-- Opening Marker --

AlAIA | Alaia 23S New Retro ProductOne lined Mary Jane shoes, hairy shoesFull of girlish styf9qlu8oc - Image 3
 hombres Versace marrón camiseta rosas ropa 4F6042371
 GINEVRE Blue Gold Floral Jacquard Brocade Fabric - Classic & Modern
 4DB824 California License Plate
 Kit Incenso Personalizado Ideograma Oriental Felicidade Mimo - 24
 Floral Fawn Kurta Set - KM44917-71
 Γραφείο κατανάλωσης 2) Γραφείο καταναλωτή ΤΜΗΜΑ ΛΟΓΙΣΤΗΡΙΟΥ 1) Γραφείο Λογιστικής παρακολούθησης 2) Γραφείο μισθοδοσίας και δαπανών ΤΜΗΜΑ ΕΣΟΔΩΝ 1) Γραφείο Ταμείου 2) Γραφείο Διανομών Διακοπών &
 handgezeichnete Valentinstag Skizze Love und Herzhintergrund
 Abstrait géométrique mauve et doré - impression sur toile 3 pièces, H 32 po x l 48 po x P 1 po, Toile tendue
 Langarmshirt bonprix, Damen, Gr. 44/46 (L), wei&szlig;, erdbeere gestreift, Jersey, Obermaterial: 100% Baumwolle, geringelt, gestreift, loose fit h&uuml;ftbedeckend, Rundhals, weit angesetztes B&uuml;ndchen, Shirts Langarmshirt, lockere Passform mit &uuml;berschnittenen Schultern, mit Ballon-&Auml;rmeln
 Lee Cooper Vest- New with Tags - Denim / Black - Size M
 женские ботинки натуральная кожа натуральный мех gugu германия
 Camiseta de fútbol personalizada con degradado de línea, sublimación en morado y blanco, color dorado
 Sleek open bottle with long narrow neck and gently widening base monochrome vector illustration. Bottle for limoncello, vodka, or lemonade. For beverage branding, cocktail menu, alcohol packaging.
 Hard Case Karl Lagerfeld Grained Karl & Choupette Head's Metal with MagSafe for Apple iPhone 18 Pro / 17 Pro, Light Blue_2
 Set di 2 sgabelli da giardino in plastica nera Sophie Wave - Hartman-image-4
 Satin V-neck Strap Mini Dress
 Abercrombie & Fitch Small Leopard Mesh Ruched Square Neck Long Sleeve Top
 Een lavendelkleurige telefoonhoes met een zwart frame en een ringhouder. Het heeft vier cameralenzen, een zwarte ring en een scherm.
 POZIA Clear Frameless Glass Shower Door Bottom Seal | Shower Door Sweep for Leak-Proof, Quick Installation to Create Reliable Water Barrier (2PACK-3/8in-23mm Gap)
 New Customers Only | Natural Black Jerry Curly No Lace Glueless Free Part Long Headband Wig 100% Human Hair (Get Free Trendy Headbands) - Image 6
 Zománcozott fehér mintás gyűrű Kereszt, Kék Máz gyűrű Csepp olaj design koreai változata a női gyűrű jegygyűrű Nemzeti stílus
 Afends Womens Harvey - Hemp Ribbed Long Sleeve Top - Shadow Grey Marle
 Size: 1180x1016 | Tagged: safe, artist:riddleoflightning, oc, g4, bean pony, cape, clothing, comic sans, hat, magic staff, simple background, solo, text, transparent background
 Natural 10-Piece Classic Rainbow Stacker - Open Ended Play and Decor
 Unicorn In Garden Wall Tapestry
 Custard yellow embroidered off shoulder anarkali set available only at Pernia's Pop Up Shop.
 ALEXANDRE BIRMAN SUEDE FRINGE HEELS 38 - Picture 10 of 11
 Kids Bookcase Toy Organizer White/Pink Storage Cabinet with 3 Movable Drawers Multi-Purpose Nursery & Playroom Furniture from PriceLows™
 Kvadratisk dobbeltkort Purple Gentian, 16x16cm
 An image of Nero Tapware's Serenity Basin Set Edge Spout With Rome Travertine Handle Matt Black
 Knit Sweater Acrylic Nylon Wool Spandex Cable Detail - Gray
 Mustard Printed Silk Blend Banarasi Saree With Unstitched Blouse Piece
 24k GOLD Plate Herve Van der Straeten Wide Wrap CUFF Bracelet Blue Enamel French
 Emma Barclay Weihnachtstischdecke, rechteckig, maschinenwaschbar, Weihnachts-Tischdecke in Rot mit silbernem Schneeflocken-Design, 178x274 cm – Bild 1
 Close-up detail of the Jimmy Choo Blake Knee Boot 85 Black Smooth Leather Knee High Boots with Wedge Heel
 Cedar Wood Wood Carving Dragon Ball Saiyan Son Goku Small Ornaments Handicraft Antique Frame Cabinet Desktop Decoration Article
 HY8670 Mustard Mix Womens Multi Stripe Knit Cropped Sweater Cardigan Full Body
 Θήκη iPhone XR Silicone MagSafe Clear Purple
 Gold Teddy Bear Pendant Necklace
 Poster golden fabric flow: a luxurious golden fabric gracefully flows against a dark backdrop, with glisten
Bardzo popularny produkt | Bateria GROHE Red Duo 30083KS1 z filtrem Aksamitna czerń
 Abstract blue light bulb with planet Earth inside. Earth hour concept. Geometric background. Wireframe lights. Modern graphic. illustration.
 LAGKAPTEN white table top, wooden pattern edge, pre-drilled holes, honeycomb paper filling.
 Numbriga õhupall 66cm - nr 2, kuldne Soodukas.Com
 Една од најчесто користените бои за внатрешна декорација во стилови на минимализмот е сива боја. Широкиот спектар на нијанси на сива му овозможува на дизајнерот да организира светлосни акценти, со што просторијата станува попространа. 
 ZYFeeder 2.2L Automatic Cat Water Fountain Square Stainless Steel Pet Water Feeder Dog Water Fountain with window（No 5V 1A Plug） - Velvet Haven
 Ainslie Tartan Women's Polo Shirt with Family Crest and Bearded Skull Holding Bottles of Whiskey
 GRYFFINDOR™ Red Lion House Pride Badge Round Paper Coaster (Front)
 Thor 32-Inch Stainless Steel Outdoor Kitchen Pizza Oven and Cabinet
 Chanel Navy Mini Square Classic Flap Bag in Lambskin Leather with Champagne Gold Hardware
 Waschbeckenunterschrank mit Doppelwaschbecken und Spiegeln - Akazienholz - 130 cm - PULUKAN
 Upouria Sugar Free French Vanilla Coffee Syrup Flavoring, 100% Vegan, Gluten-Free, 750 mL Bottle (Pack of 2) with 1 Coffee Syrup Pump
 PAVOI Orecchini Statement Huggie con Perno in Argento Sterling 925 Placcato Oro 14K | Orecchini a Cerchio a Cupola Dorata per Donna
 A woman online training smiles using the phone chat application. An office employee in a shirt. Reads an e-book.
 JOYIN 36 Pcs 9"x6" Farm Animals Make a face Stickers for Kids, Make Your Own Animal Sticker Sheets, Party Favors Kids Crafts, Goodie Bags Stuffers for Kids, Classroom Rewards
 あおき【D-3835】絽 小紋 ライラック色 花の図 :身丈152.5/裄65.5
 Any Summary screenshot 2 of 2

-- Closing Marker --

● EXERCISE GOAL
Your task is to transcribe all of the entries word for word.

● OUTPUT FOR THIS EXERCISE
AlAIA | Alaia 23S New Retro ProductOne lined Mary Jane shoes, hairy shoesFull of girlish styf9qlu8oc - Image 3
 hombres Versace marrón camiseta rosas ropa 4F6042371
 GINEVRE Blue Gold Floral Jacquard Brocade Fabric - Classic & Modern
 4DB824 California License Plate
 Kit Incenso Personalizado Ideograma Oriental Felicidade Mimo - 24
 Floral Fawn Kurta Set - KM44917-71
 Γραφείο κατανάλωσης 2) Γραφείο καταναλωτή ΤΜΗΜΑ ΛΟΓΙΣΤΗΡΙΟΥ 1) Γραφείο Λογιστικής παρακολούθησης 2) Γραφείο μισθοδοσίας και δαπανών ΤΜΗΜΑ ΕΣΟΔΩΝ 1) Γραφείο Ταμείου 2) Γραφείο Διανομών Διακοπών &
 handgezeichnete Valentinstag Skizze Love und Herzhintergrund
 Abstrait géométrique mauve et doré - impression sur toile 3 pièces, H 32 po x l 48 po x P 1 po, Toile tendue
 Langarmshirt bonprix, Damen, Gr. 44/46 (L), wei&szlig;, erdbeere gestreift, Jersey, Obermaterial: 100% Baumwolle, geringelt, gestreift, loose fit h&uuml;ftbedeckend, Rundhals, weit angesetztes B&uuml;ndchen, Shirts Langarmshirt, lockere Passform mit &uuml;berschnittenen Schultern, mit Ballon-&Auml;rmeln
 Lee Cooper Vest- New with Tags - Denim / Black - Size M
 женские ботинки натуральная кожа натуральный мех gugu германия
 Camiseta de fútbol personalizada con degradado de línea, sublimación en morado y blanco, color dorado
 Sleek open bottle with long narrow neck and gently widening base monochrome vector illustration. Bottle for limoncello, vodka, or lemonade. For beverage branding, cocktail menu, alcohol packaging.
 Hard Case Karl Lagerfeld Grained Karl & Choupette Head's Metal with MagSafe for Apple iPhone 18 Pro / 17 Pro, Light Blue_2
 Set di 2 sgabelli da giardino in plastica nera Sophie Wave - Hartman-image-4
 Satin V-neck Strap Mini Dress
 Abercrombie & Fitch Small Leopard Mesh Ruched Square Neck Long Sleeve Top
 Een lavendelkleurige telefoonhoes met een zwart frame en een ringhouder. Het heeft vier cameralenzen, een zwarte ring en een scherm.
 POZIA Clear Frameless Glass Shower Door Bottom Seal | Shower Door Sweep for Leak-Proof, Quick Installation to Create Reliable Water Barrier (2PACK-3/8in-23mm Gap)
 New Customers Only | Natural Black Jerry Curly No Lace Glueless Free Part Long Headband Wig 100% Human Hair (Get Free Trendy Headbands) - Image 6
 Zománcozott fehér mintás gyűrű Kereszt, Kék Máz gyűrű Csepp olaj design koreai változata a női gyűrű jegygyűrű Nemzeti stílus
 Afends Womens Harvey - Hemp Ribbed Long Sleeve Top - Shadow Grey Marle
 Size: 1180x1016 | Tagged: safe, artist:riddleoflightning, oc, g4, bean pony, cape, clothing, comic sans, hat, magic staff, simple background, solo, text, transparent background
 Natural 10-Piece Classic Rainbow Stacker - Open Ended Play and Decor
 Unicorn In Garden Wall Tapestry
 Custard yellow embroidered off shoulder anarkali set available only at Pernia's Pop Up Shop.
 ALEXANDRE BIRMAN SUEDE FRINGE HEELS 38 - Picture 10 of 11
 Kids Bookcase Toy Organizer White/Pink Storage Cabinet with 3 Movable Drawers Multi-Purpose Nursery & Playroom Furniture from PriceLows™
 Kvadratisk dobbeltkort Purple Gentian, 16x16cm
 An image of Nero Tapware's Serenity Basin Set Edge Spout With Rome Travertine Handle Matt Black
 Knit Sweater Acrylic Nylon Wool Spandex Cable Detail - Gray
 Mustard Printed Silk Blend Banarasi Saree With Unstitched Blouse Piece
 24k GOLD Plate Herve Van der Straeten Wide Wrap CUFF Bracelet Blue Enamel French
 Emma Barclay Weihnachtstischdecke, rechteckig, maschinenwaschbar, Weihnachts-Tischdecke in Rot mit silbernem Schneeflocken-Design, 178x274 cm – Bild 1
 Close-up detail of the Jimmy Choo Blake Knee Boot 85 Black Smooth Leather Knee High Boots with Wedge Heel
 Cedar Wood Wood Carving Dragon Ball Saiyan Son Goku Small Ornaments Handicraft Antique Frame Cabinet Desktop Decoration Article
 HY8670 Mustard Mix Womens Multi Stripe Knit Cropped Sweater Cardigan Full Body
 Θήκη iPhone XR Silicone MagSafe Clear Purple
 Gold Teddy Bear Pendant Necklace
 Poster golden fabric flow: a luxurious golden fabric gracefully flows against a dark backdrop, with glisten
Bardzo popularny produkt | Bateria GROHE Red Duo 30083KS1 z filtrem Aksamitna czerń
 Abstract blue light bulb with planet Earth inside. Earth hour concept. Geometric background. Wireframe lights. Modern graphic. illustration.
 LAGKAPTEN white table top, wooden pattern edge, pre-drilled holes, honeycomb paper filling.
 Numbriga õhupall 66cm - nr 2, kuldne Soodukas.Com
 Една од најчесто користените бои за внатрешна декорација во стилови на минимализмот е сива боја. Широкиот спектар на нијанси на сива му овозможува на дизајнерот да организира светлосни акценти, со што просторијата станува попространа. 
 ZYFeeder 2.2L Automatic Cat Water Fountain Square Stainless Steel Pet Water Feeder Dog Water Fountain with window（No 5V 1A Plug） - Velvet Haven
 Ainslie Tartan Women's Polo Shirt with Family Crest and Bearded Skull Holding Bottles of Whiskey
 GRYFFINDOR™ Red Lion House Pride Badge Round Paper Coaster (Front)
 Thor 32-Inch Stainless Steel Outdoor Kitchen Pizza Oven and Cabinet
 Chanel Navy Mini Square Classic Flap Bag in Lambskin Leather with Champagne Gold Hardware
 Waschbeckenunterschrank mit Doppelwaschbecken und Spiegeln - Akazienholz - 130 cm - PULUKAN
 Upouria Sugar Free French Vanilla Coffee Syrup Flavoring, 100% Vegan, Gluten-Free, 750 mL Bottle (Pack of 2) with 1 Coffee Syrup Pump
 PAVOI Orecchini Statement Huggie con Perno in Argento Sterling 925 Placcato Oro 14K | Orecchini a Cerchio a Cupola Dorata per Donna
 A woman online training smiles using the phone chat application. An office employee in a shirt. Reads an e-book.
 JOYIN 36 Pcs 9"x6" Farm Animals Make a face Stickers for Kids, Make Your Own Animal Sticker Sheets, Party Favors Kids Crafts, Goodie Bags Stuffers for Kids, Classroom Rewards
 あおき【D-3835】絽 小紋 ライラック色 花の図 :身丈152.5/裄65.5
 Any Summary screenshot 2 of 2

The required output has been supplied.